Wyszukujesz odpowiedni punkt w S.I.W.Z wymagajacy przedstawienia
certyfikatu, zaswiadczenia i w piatek o 17.00 wysylasz fax z prosba o
potwierdzenie odpowiednim dokumentem (jego oryginalem) z terminem na
poniedzialek 9.00. W 90% przypadkow masz spokoj. Rzadko kto sie wyrabia. W
praktyce powyzsze sposoby stosowane jednoczesnie zapewniaja sukces
przedsiewziecia. Zwracam ponownieuwage na drobiazgowe przeanalizowanie ofert
o cenie nizszej niz cena Zwyciezcy. Ten wysilek jest niezbedny do tego, zeby
jakas tam komisja z NIKu mogla Ci skoczyc "tam gdzie Pan Pana Majstra moze w
dupe pocalowac" w razie kontroli, a to zdarza sie ostatnio dosc czesto.
Tutaj nie ma miejsca na grubsze przekrety, wszak chodzi o Twoj tylek. Madry
przewodniczacy wygrywa przetargi dla swego faworyta przed ich ogloszeniem, a
nie w trakcie.

8. Protesty i ich odrzucanie. Sad Arbitrazowy.

Zdarza sie czasem, ze zbulwersowani Przegrani skladaja protesty do czego
upowaznia ich nasza ulubiona ustawa o zamowieniach publicznych. Nie przejmuj
sie tym ich aktem desperacji. Protesty takie w 95% sa odrzucane niemalze
automatycznie. Niepotrzebne jest tez jakiekolwiek uzasadnianie tychze
odrzucen. Znane sa przypadki, w ktorych przedstawiono kilkadziesiat bardzo
solidnie umotywowanych zazalen do postanowien komisji, a ta odpowiedziala
jednym zdaniem "wszystkie postawione zarzuty za bezpodstawne". Przetarg
wygrany zostal oczywiscie przez Zwyciezce. Problemem nie jest rowniez Sad
Arbitrazowy, pamietac jednak musisz o tym, ze ta szacowna instytucja
zwolywana jest na potrzeby wiekszych przetargow, ktore leza juz raczej w
gestii Twych podwladnych, a nawet jesli juz ktos wymysli takie rozwiazanie w
Twoim przypadku Ty wyreczysz sie swym szefem, ktory wszak darzy Cie duzym
zaufaniem. On ma swoich szefow, swoich kolegow i cale to kolegium juz
wymysli sposob w jaki moznaby Ci pomoc. Pamietac musisz jedynie o dlugo
wdziecznosci wobec nich jaki w ten sposob zaciagasz. Nie boj sie, nie
zapomna o nim.

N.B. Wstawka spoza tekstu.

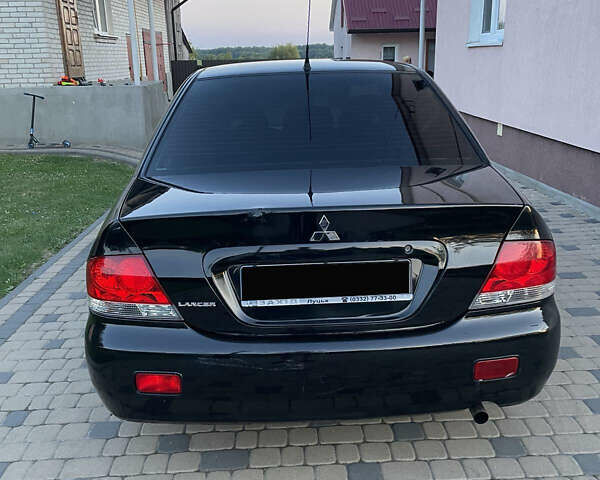 Чорний Міцубісі Lancer, об'ємом двигуна 1.6 л та пробігом 170 тис. км за 4900 $, фото 2 на Automoto.ua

Etapu tego nie musisz sie obawiac, Przegrani wiedza, ze
zyskiwanie opinii pieniacza nie pomaga w kontaktach z wladza panstwowa i
rzadko siegaja po ten srodek.

9. Odwolanie przetargu

To jest bron ostateczna. Jesli po nia siegasz, znaczy to najpewniej, ze
niedopatrzyles etapow tworzenia specyfikacji (patrz punkt 4). Pamietaj, ze
nie jestes jedynym sprytnym na tym swiecie i ze wsrod Przegranych zdarzaja
sie lotne umysly, ktore wykorzystaja kazdy Twoj blad. Jesli jednak nie ma
juz wyjscia, oferta wygrywajaca nie nalezy do Zwyciezcy mozesz odwolac
przetarg. Powodow moze byc wiele, od przesuniecia sie budzetu na przyszly
rok, zmiany planow systemu, ktory ma byc stworzony itp itd. Odwolany
przetarg to nie jest nieszczescie, powtorzy sie go za kilka miesiecy, ale
jeszcze raz bedzie trzeba przylozyc sie do rozmow, ukladania komisji,
straszenia podwladnych itp, a pieniadze beda tylko nieco wieksze. Postarajmy
sie wobec tego nie dopuszczac do takich nadszarpujacych zaufanie czynnosci.
Lepiej napracowac sie wczesniej niz potem 2 razy.

10. Podpisanie umowy

To juz czysta przyjemnosci, nalezy tylko przeanalizowac projekt umowy
jeszcze raz, wyrzucic z niej zbedne i niewygodne dla Zwyciezcy warunki, w
przypadku przetargow Phare (sponsorowanych przez frajerow z Unii
Europejskiej) zdobyc zezwolenie na rozszerzenie kontraktu o ustawowe 15%
(wiecej znaczy lepiej). Nie nalezy tez zapomniec, ze to wlasciwe miejsce,
jesli do tej pory nie zostalo to zrobione, na przyjecie koperty od
odpowiednich osob. I nie traktuj tego jako lapowki, po co psuc sobie humor,
myslmy o tym jak o wynagrodzeniu, ktorego przeciez nie dostaniesz od budzetu
panstwa za ciezka prace wlozona w odpowiednie zarzadzenie tak duzym
projektem jakim jest przetarg. Nie sluchaj socjologow mowiacych cos o
procesie "spolecznego uzgadniania usprawiedliwienia". Wszyscy tak robia i
tyle, a Twoj wklad jest tak maly w cale zjawisko, ze az smieszny.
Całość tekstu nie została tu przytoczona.